Raised in a well-off household in a relatively affluent community on Long Island, I didn't really face many
hardships in my life, but I also didn't know what was in store for me ahead. COVID-19 was a big slap in the face, to say the least. I (along with my brother) used the skills my parents learned over the past couple of years to help my parents and the rest of my family suffering from COVID-19.

How do you feel about yourself after this experience?

I feel proud that I stepped up to the plate, did my best, and received a positive outcome. But relieved it’s over.

Do you think when you get older you would want someone to do the same for you?
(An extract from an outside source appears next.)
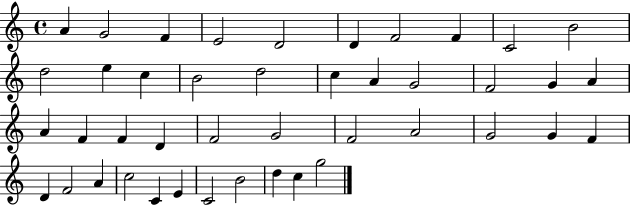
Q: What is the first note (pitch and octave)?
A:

No, I know firsthand the burden of being a caregiver. Aids and family can help but it’s different for the people who live in the same house as the patient. I can recall countless times where my grandma (paternal) would ask my mom or me to do things instead of the aid, whose sole purpose is to help my grandma. I personally would not want my kids to feel this burden of responsibility. This type of burden is debilitating and can cause a strain on families.

Are there any other resources or other support that would have been helpful?
If families could split the work it would reduce the strain on one family or person. Many times, parents stay with sons so the work of a caretaker inevitably goes on the daughter in law. Even though my grandma (paternal) treats my mom like her own daughter, it’s a lot of pressure to put on one person.

Both my aunts on my dad's side help but only when we are not available. However, it’s important to note my grandma (paternal) is now living with one of my aunts and is no longer staying at our house. So we must also take our own advice and help out my aunt and her family and split the duties.

If my grandparents lived in India, they would have more in-home care, such as cooking and cleaning, which are all of the things that my grandma (maternal) needs right now. But as far as medical attention, she would not receive adequate care in India. In-home care services need to be improved.